In that single moment he is redeemed, he is delivered from evil in all the ways that matter. The things he'd done, all the others he'd been willing to, the way he'd ached when Peter backed away from him in horror. The moment, fleeting but intense, when he'd felt like he was dying, when Hiro (another poor innocent, he'll be destroyed too, sooner or later and Nathan's glad he won't be around to see it) had looked at him, devastated, calling him names he'd more than earned. It's all irrelevant. The look in Peter's eyes, that hope and love that's never really died, never given out no matter how Nathan tests it, is all he needs to make everything else seem distant, all the days of betrayal and darkness and shades of grey he doesn't know his way around anymore.

All that exists now is them, the feel of Peter in his arms, real and solid, the rush of air around them and the light growing brighter and brighter, blinding them both. For the first time, he's flying and it doesn't feel like a burden, like a curse. It feels like freedom. Finally he is finished, he's flying away for the last time, and with his brother in his arms. In the end, he couldn't have asked for anything more.

The air pressure is getting worse; they'll be breaking atmosphere soon, and as he feels his skin beginning to burn he sends a silent apology to Heidi, to the kids, feeling a sudden terrible pang for the sons he'll never see again, who will grow up without a father and without really knowing who he was. Maybe that's for the best. He forces his family from his mind before his resolve starts to crack; he can't falter now.

He can't see Peter anymore, the light between them forcing his eyes closed, but he can feel him trembling. His limbs heavy, he reaches numbly for Peter and pulls his head into the crook of his neck; feeling a vibration against his skin that could be an attempt at speech or an incoherent cry of pain. He doesn't want to think about how they must look by now; the burning is almost unbearable and it takes every ounce of strength he has left to keep hold of his brother, to not let him go.

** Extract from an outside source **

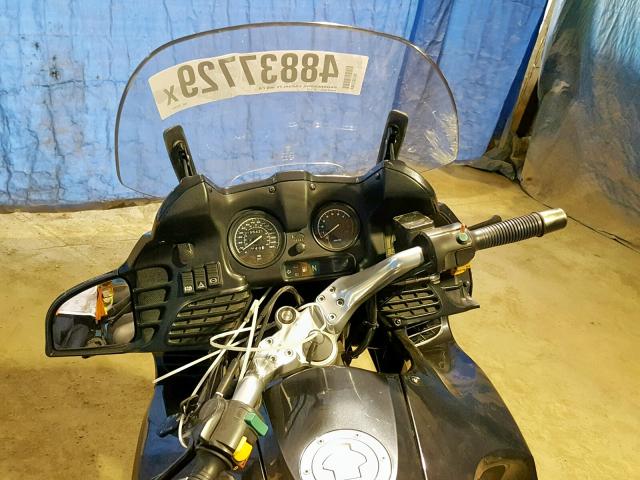 WB10418A8XZC67044 - 1999 BMW R1100 RT GRAY photo 5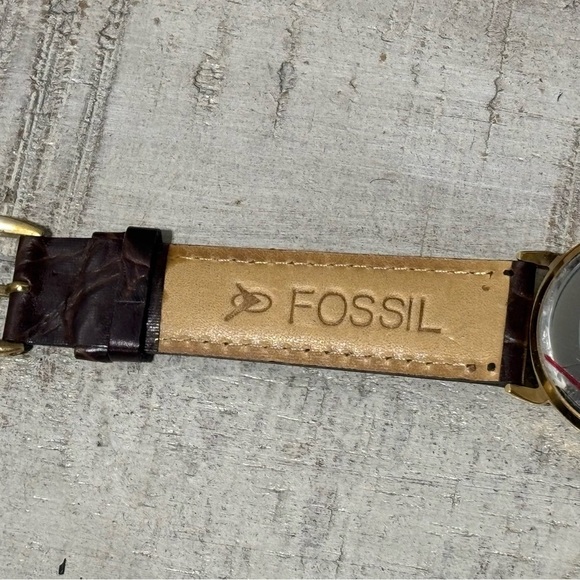 New Vintage❤️Fossil TM-6253 90’s Ladies Watch in Tin - Picture 4 of 8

Neither one of them has voiced it, but they both know there's a good chance that Peter will not come back from this. Claire's power has its limits, they know only too well, and if a shard of glass in his brain was enough to kill him it's safe to assume that every atom of his body being blown apart isn't any less deadly. Peter's mouth is still moving against his neck, words he can't hear, and he rests his fingers on what he can still identify as Peter's hair, stroking, trying even now to soothe him though it's only a matter of time before they're both screaming.

He can't save Peter, but he'll burn with him, and that's almost enough. When the sky collapses around them, seconds later, he's smiling for the first time in days.